• _ACTIVITY_:
Only the lines from the one containing "كيا صول 2021 s" through the end of the records should be retyped, exactly and including both ends; pictures stay out.

• _DATA FOR ANALYSIS_:
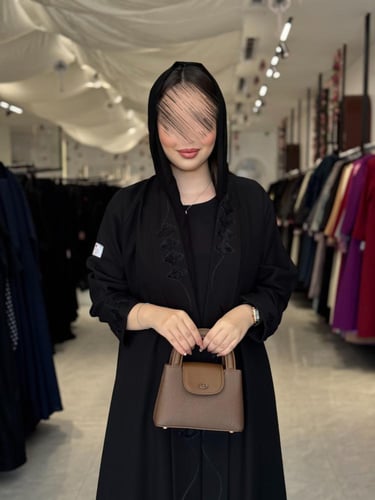 عباية D574 -قماش كتان دبل كلوش مطرز هاري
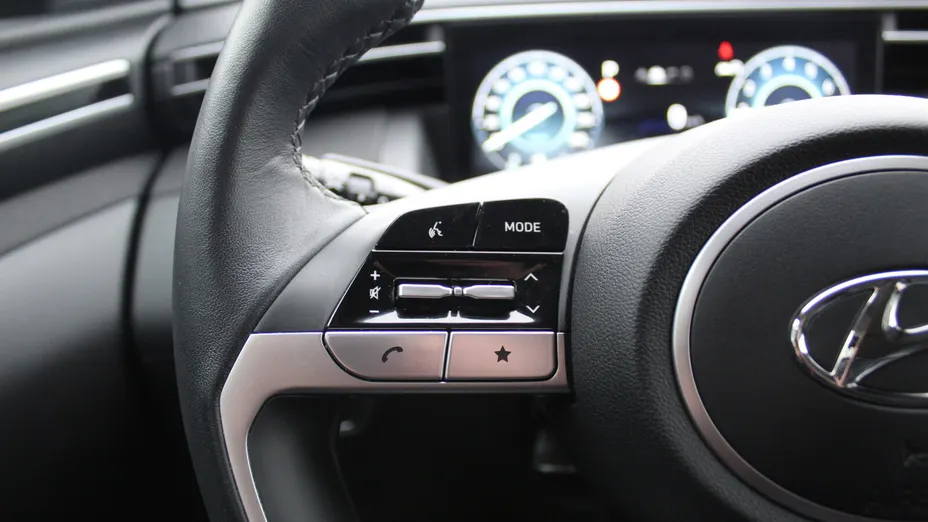 HYUNDAI Tucson Tucson 1.6 T-GDi HEV Smart 2WD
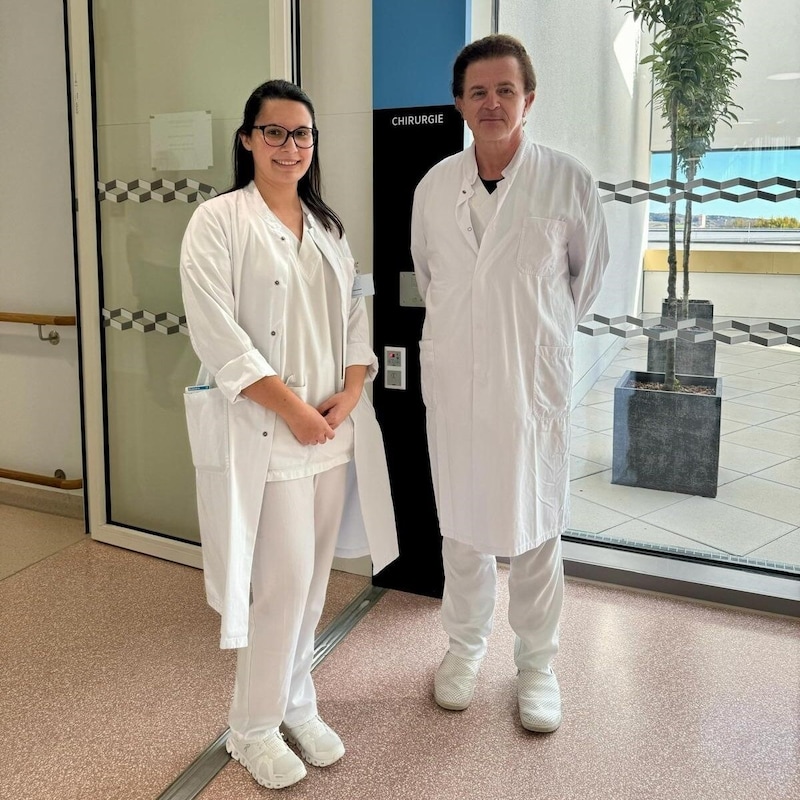 Laura Schermann mit Universitätsprofessor Peter Kornprat, dem Primarius für Chirurgie in der Klinik Oberwart. (Bild: LH Büro)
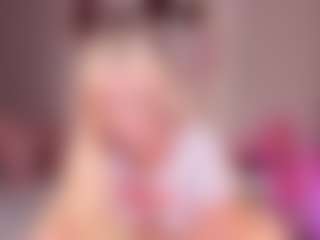 elara-vee's Live Sex Cam Show
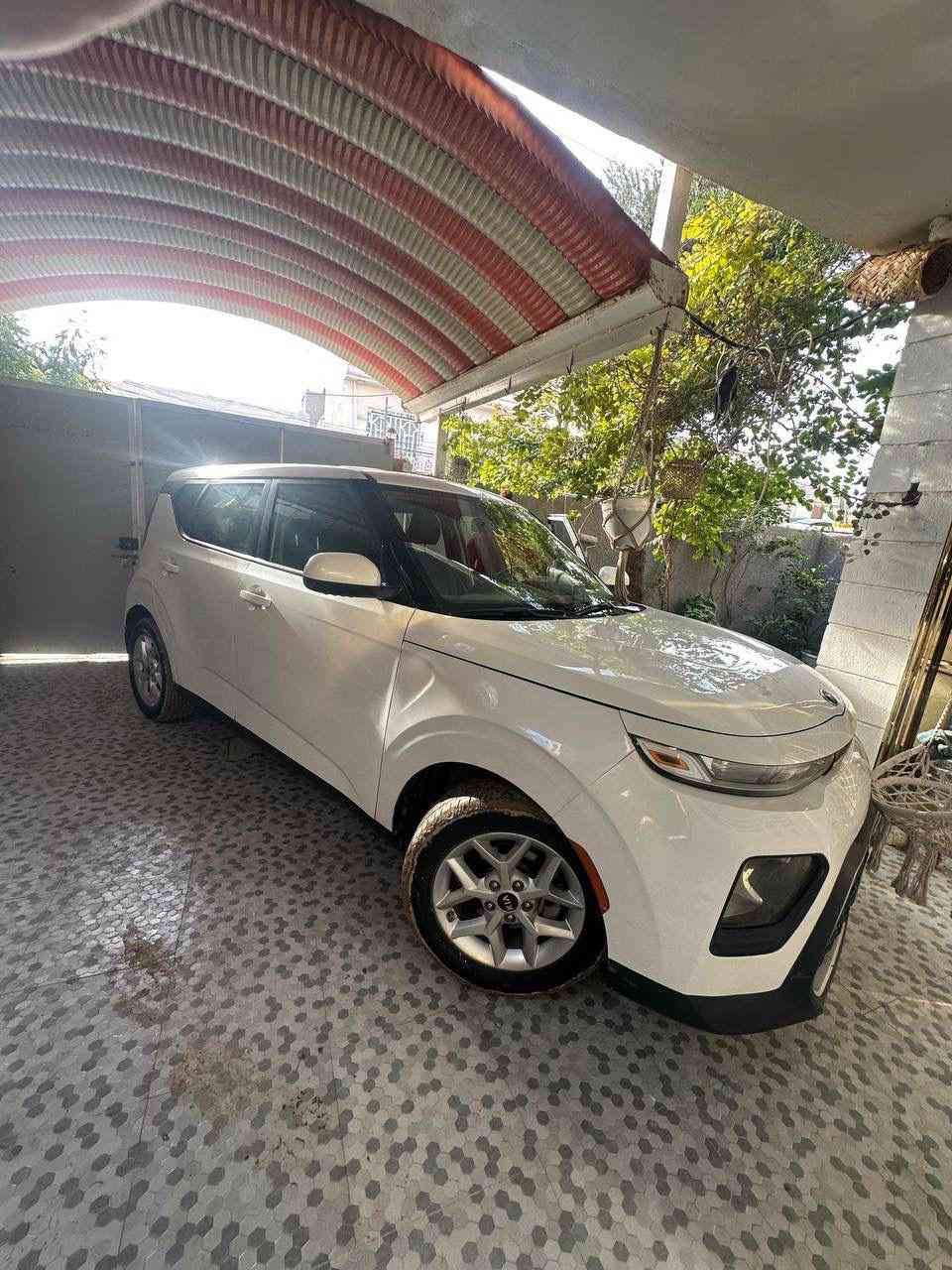 كيا صول 2021 s
موصفات ال s معروفه 
.شاشة
.تحديد مسار
.مانع تصادم 
.رادار امامي
.نظام تحديد النقاط العمياء
.كامره خلفيه
.مثبت سرعه
.السياره كل اضائته  led
.مدخل usb  عدد 2
. كشنات مخمل 
.نظام sport
 السياره وارد امريكي حادثه بسيط جاملغ وبنيد 

ممشى السياره ٥٩ الف فقط
رقم بابل 

 السعررررر  158

***********
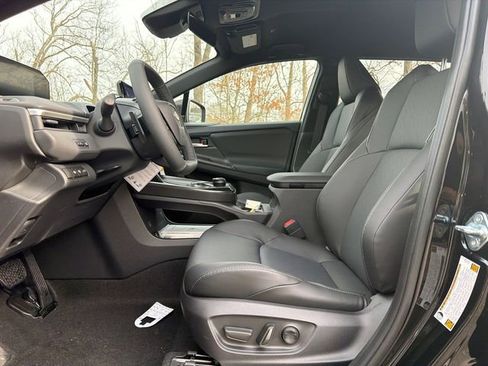 New 2026 Subaru Solterra Premium image 35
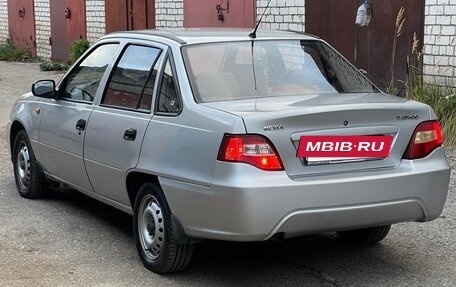 Daewoo Nexia I рестайлинг, 2010 год, 350 000 рублей, 2 фотография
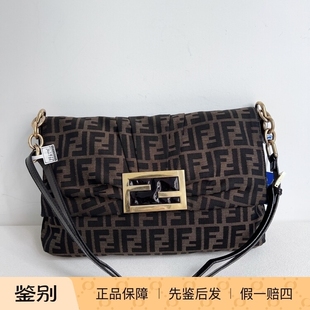 好成色包面内里干净老花边角完好 Fendi 金扣老花单肩包尺寸33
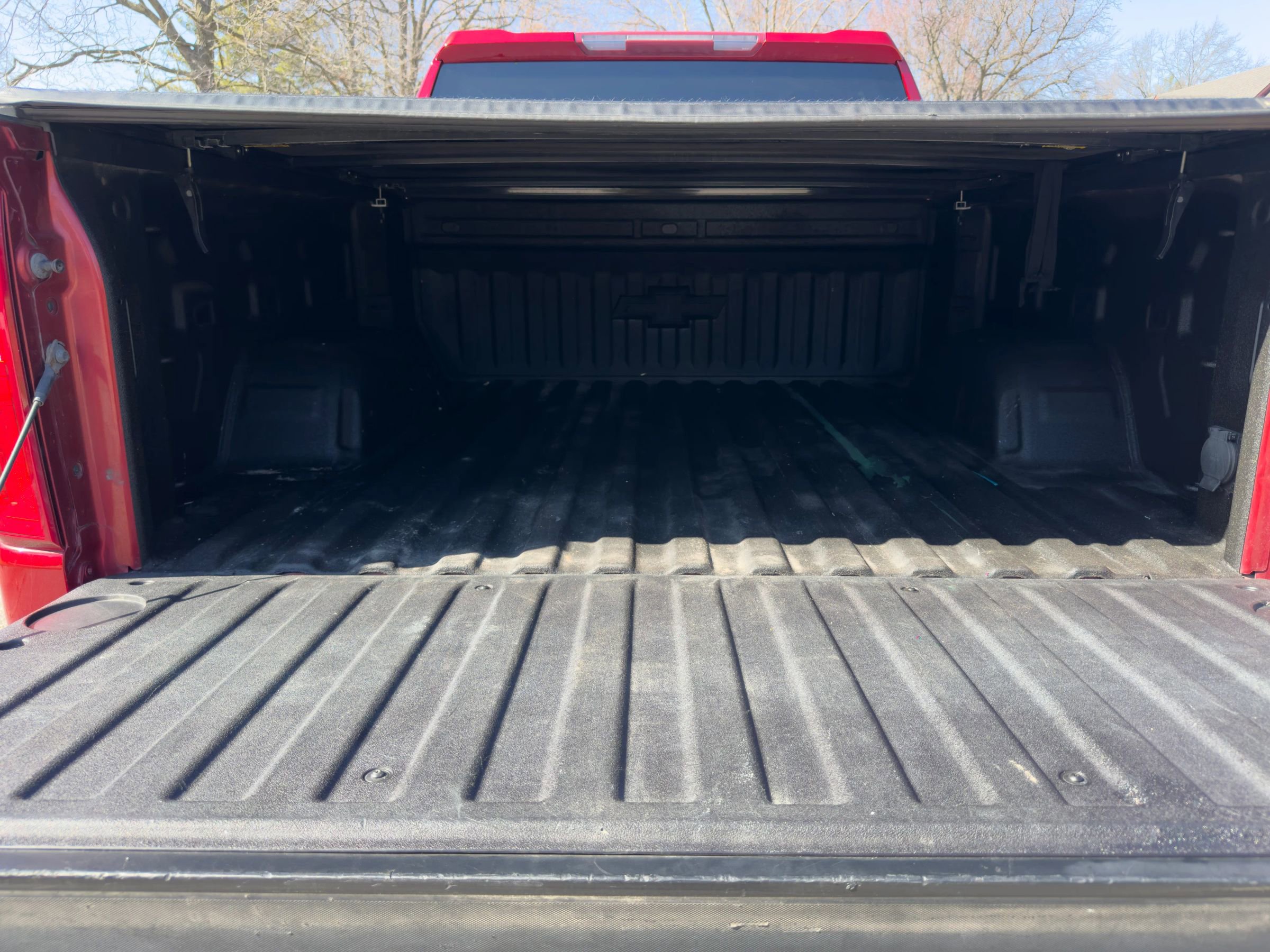 Used 2022 Chevrolet Silverado 1500 Custom w/ LPO, Dark Essentials Package AWD/4WD image 8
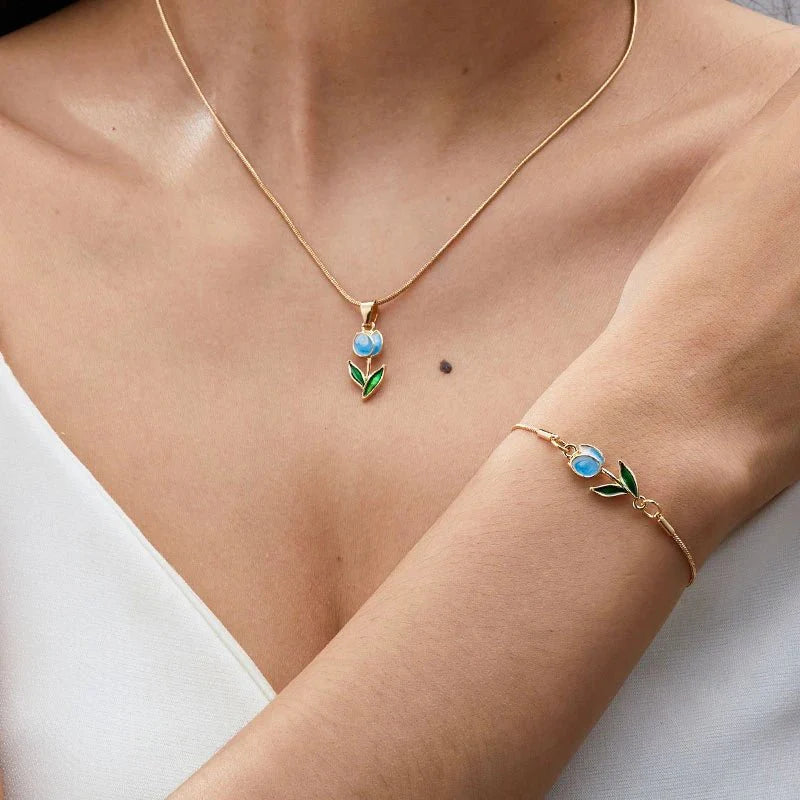 BowLift | Feminine Floral Tulip Bracelet and Necklace Set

• _FINISHED TASK_:
 كيا صول 2021 s
موصفات ال s معروفه 
.شاشة
.تحديد مسار
.مانع تصادم 
.رادار امامي
.نظام تحديد النقاط العمياء
.كامره خلفيه
.مثبت سرعه
.السياره كل اضائته  led
.مدخل usb  عدد 2
. كشنات مخمل 
.نظام sport
 السياره وارد امريكي حادثه بسيط جاملغ وبنيد 

ممشى السياره ٥٩ الف فقط
رقم بابل 

 السعررررر  158

***********
 New 2026 Subaru Solterra Premium image 35
 Daewoo Nexia I рестайлинг, 2010 год, 350 000 рублей, 2 фотография
 好成色包面内里干净老花边角完好 Fendi 金扣老花单肩包尺寸33
 Used 2022 Chevrolet Silverado 1500 Custom w/ LPO, Dark Essentials Package AWD/4WD image 8
 BowLift | Feminine Floral Tulip Bracelet and Necklace Set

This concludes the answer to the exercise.